Tom DeBlass sparked a debate after making a claim about combat ability and training. His message challenged a persistent belief that aggression, athleticism or past altercations can substitute for structured experience.
“I’m going to say something that offends a lot of men (only dorks), and that’s exactly why it needs to be said,” DeBlass wrote. “If you have never trained for at least two years, you cannot fight. That’s not an insult. That’s reality.”
DeBlass framed combat as a learned discipline rather than an instinctive trait, arguing that competence is developed through time spent training against resisting opponents, not through confidence or physical presence. To illustrate the point, he drew a comparison to other technical skills, noting that people readily accept their limitations in unfamiliar activities yet resist doing so when it comes to physical confrontation.
“If you never played ice hockey, would you get upset if I told you that you can’t play ice hockey? No. You’d understand immediately,” he wrote.
At the center of DeBlass’s argument is the rejection of the idea that physical attributes alone create real capability. Strength, size and prior scuffles may provide a sense of confidence, but they do not translate into skill.
“I don’t care how many ‘street fights’ you’ve been in, or how big your muscles are. None of that equals skill,” DeBlass wrote. “Real fighting is a discipline. It’s learned. It’s earned.”
Much of the response to the post reflected an uncomfortable truth about training, it tends to reduce certainty rather than inflate it. As experience accumulates, practitioners become more aware of their limitations and the depth of what they do not know. Rather than confirming self perceived toughness, consistent exposure to skilled training partners dismantles it.
The discussion repeatedly returned to how technique neutralizes physical advantages. Size and strength lose relevance when confronted with timing, leverage and positional control. Training reveals how quickly untested confidence collapses under real resistance.
Another recurring theme was avoidance. Increased competence often leads to a greater desire to disengage from confrontation, driven by a clearer understanding of risk and consequence. In this sense, restraint emerges not from fear but from awareness.
Long term training did not produce claims of mastery. Instead, extended exposure to high level practitioners appeared to deepen uncertainty.

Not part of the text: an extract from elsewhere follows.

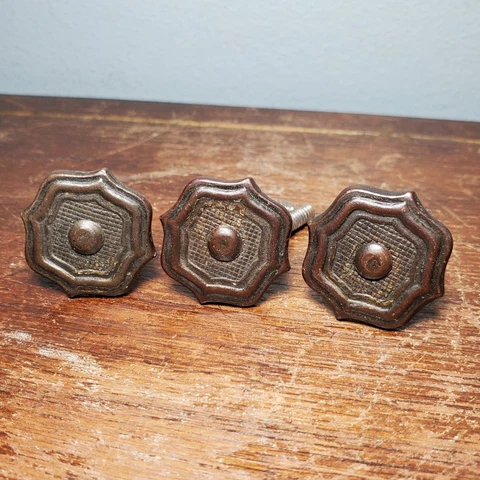 3 Vintage Solid Brass Ornate Shield Drawer / Cabinet Knob Pulls 1 1/8" Cover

Regularly training with people who are more skilled makes it difficult to maintain inflated ideas about one’s own abilities.
There was also acknowledgment that time alone does not guarantee effectiveness. Poor training environments, inconsistent effort or unrealistic practice can undermine years of experience. Skills were also described as perishable, fading quickly when not maintained through consistent training.
While some debate focused on timelines and thresholds, the underlying agreement aligned with DeBlass’s core position. Combat ability is not an innate trait waiting to be unlocked. It is a discipline built through instruction, repetition, conditioning and honest resistance.
“Argue if you want. The truth doesn’t need your approval.”
The reaction exposed a clear divide between imagined ability and trained understanding. Strength and aggression may exist without training, but control, timing, composure and awareness do not. Those qualities are earned slowly and, as training reveals, are never fully complete.